For this to be realised, Real People has asked holders of its Ksh 1.3 billion outstanding corporate bond to take a 70 per cent cut on the principal amount covering the first part of the issue worth Ksh 267.1 million.

This is part of the Extraordinary Resolutions proposed by the Nairobi Securities Exchange fixed-rate note issuer, ahead of its 21st December 2021 for the purpose of considering and, if thought fit, passing them.

If passed, the Bondholders will have waived Ksh.187 million in due payments.

Chike Africa intends to invest Ksh 675 million ($6 million) in two equal tranches in the distressed firm.

Other proposed resolutions require the bondholders to waive accrued and unpaid interest for the period from August 2020 to February 2022. The 30 per cent balance in principal is expected to be cleared in three equal instalments starting from February 28, 2023, to February 28, 2025.

Redemption of the bonds has been delayed by three times to date.

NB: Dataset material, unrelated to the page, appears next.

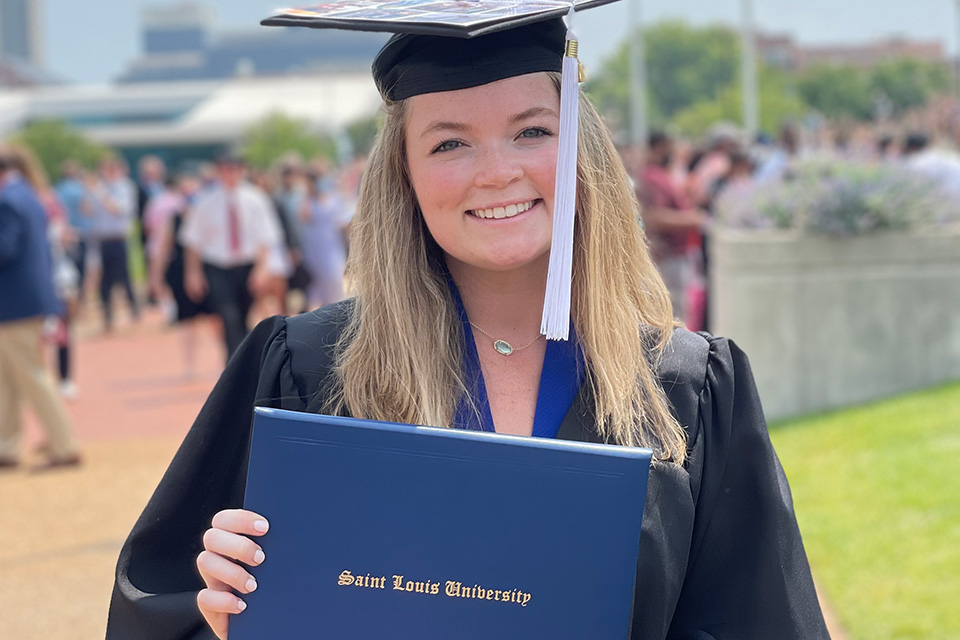 Becca Cary poses for a photo wearing a graduation cap and gown outside on campus while holding a diploma.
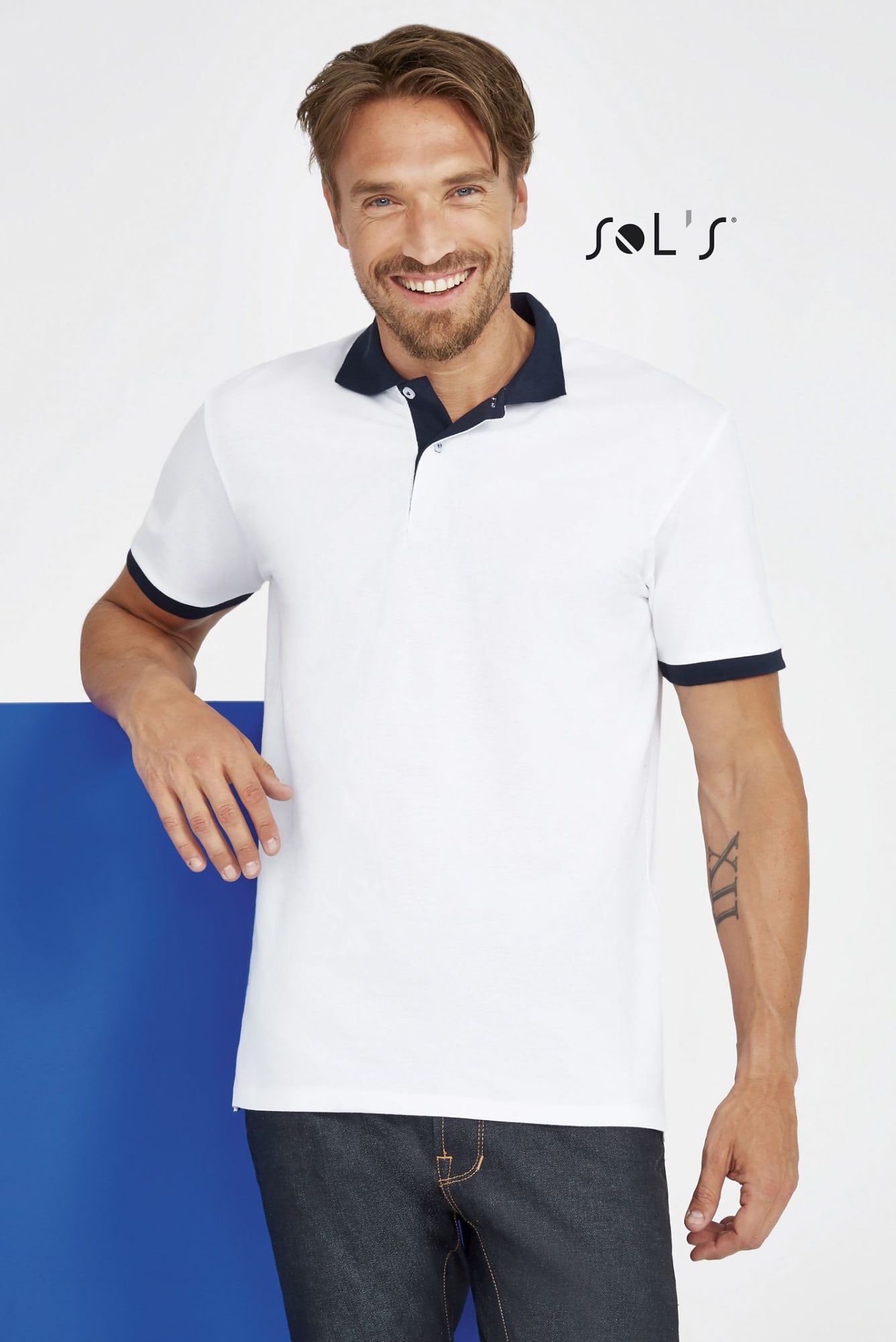 A unisex polo shirt in white with a navy blue collar, made from 100% ring spun cotton, featuring a logo. Polo shirt Unisex 100% ring spun cotton PRINCE - Image 1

“In our view, although the proposal offers a solution for noteholders whose maturity dates have been extended 6 times, the 70.0 per cent haircut, which would amount to approximately Kshs 0.9 billion, would represent a significant loss to investors and in turn dampen investor confidence in public markets,” Cytonn Investments note in a markets’ update.

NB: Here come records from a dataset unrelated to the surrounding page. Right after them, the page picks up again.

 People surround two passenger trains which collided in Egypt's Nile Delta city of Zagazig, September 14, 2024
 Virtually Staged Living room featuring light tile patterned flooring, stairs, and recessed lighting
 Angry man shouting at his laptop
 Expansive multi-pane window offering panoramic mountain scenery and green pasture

“Key to note, the Noteholders had been offered an equity stake in the company in order to decrease the liability and interest expense while also boosting working capital as it scouted for a strategic partner.”

The Real People MTN adds to the list of regulated entities that have led to losses for investors in Kenya, amounting to approximately Kshs 209.4 billion, and further debunks the myth that regulated products are always safer.

“In our view, the Capital Markets Authority (CMA) should put in place sufficient mechanisms to protect investors’ funds in the capital markets, such as a Capital Markets Compensation Fund which would pool funds from market transactions and step in to compensate investors in the event of losses or illiquidity. 

Currently, investors in the capital markets are only protected by the Investor Compensation Fund (ICF), which only secures investors from failure of a licensed broker or dealer to meet contractual obligations,” Cytonn notes.